Как вы говорите, у здравой американской политики должно быть две опоры: суннитская с одной стороны и шиитская с другой. Но можно сказать, что у нее должно быть больше опор, потому Египет важнее Саудовской Аравии. Университет Аль-Азхар должен значить больше ваххабитских шейхов. Сегодня Саудовская Аравия ослаблена еще и потому, что общественное мнение в США начинает задавать вопросы… Государство не смогло отказаться от требований провести следствие по поводу ответственности саудовского государства в терактах 11 сентября. И это только начало.

— Позиции стран Персидского залива, кроме Саудовской Аравии, ослаблены на Ближнем Востоке?


— У государств Персидского залива есть серьезные разногласия. Они едины, когда речь заходит о вмешательстве против несуннитов в Йемене или Бахрейне. Вообще, довольно забавно смотреть на то, как «Аль-Джазира» читает нотации по Сирии, но забывает о произошедшем в Бахрейне. В этом маленьком государстве шиитское большинство захотело конституционную монархию, которую обещала ему Великобритания после ухода в 1971 году. Но Саудовская Аравия отправила танки. Как бы то ни было, по другим вопросам среди государств Персидского залива нет единства. Так, Катар поддерживает «Братьев-мусульман», а Объединённые Арабские Эмираты всячески противодействуют им и политическому исламу в целом. ОАЭ тем интереснее, что им удалось достичь успехов в экономике, примером чему служат Дубай и Абу-Даби. До войны финансовой столицей Ближнего Востока был Бейрут, а сегодня эту роль играет Дубай, в основании богатств которого лежит не нефть, а торговля.
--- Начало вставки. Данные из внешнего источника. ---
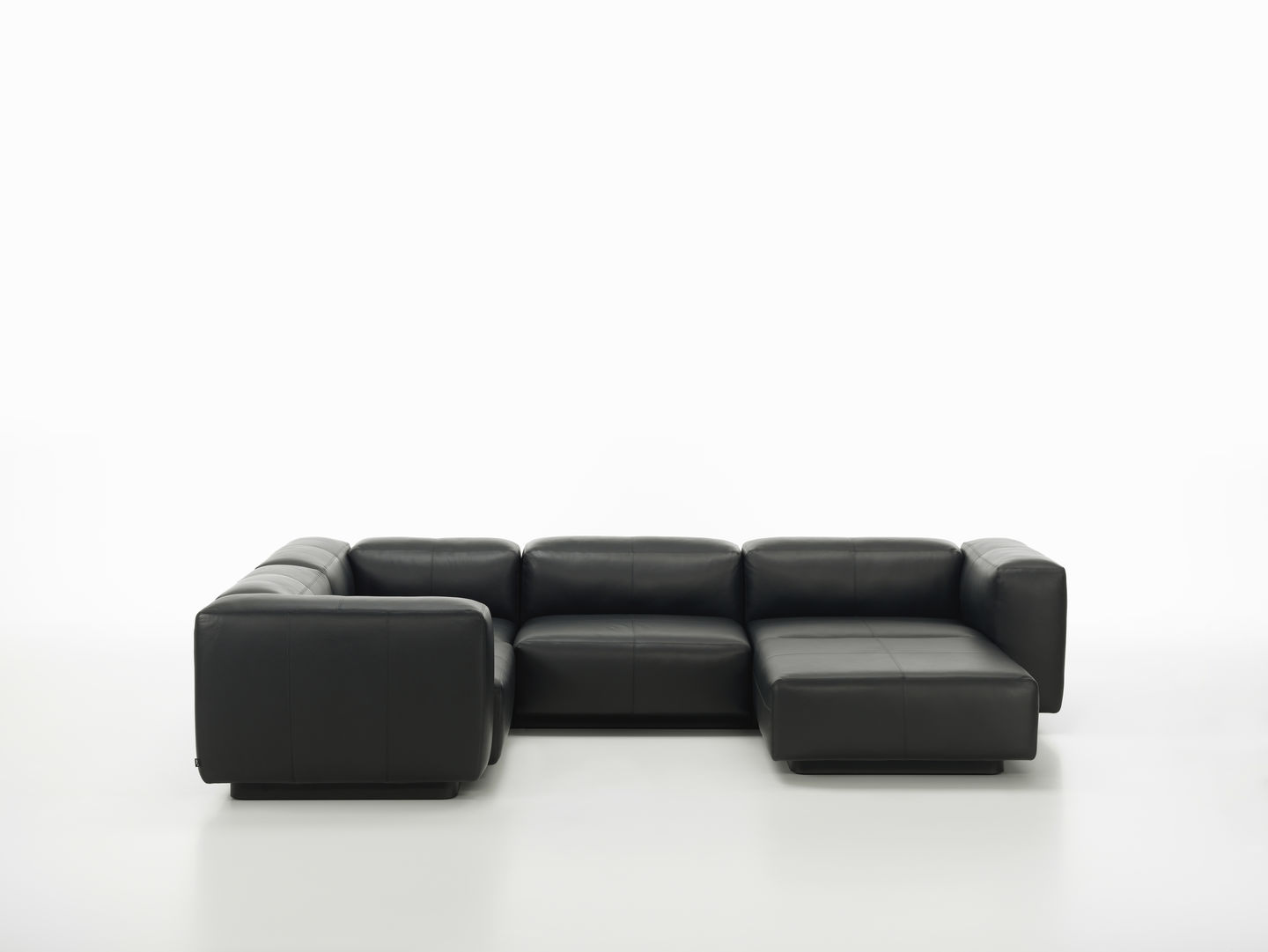 Black leather modular sectional sofa — product reference image for Gendo AI placement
— Американцы сдали позиции на Ближнем Востоке?

— Да, американцы сдали позиции в регионе. В этом нет никаких сомнений. Чтобы убедиться в этом, достаточно провести краткое историческое сравнение. После освобождения Кувейта в 1991 году все взгляды были обращены на американцев. Они были настоящей сверхдержавой и ловко провели войну против Ирака, установив союзные связи с Сирией Хафеза Асада, которой отдали в вассалы Ливан на конференции в Таифе в октябре 1989 года. У нас часто забывают, что американскому политическому классу не всегда была свойственна нравственность. Сегодня же США потеряли былые позиции в Сирии, Ливане, Ираке, Турции и Египте. У них остается только Иордания. Кто на первых ролях в Ливии? Не знаю, но точно не Вашингтон. США не в силах помешать триумфальному возвращению России в регион. Да и хотят ли они этого на самом деле? Особенно с учетом стратегии Обамы по «руководству из задних рядов» на Ближнем Востоке.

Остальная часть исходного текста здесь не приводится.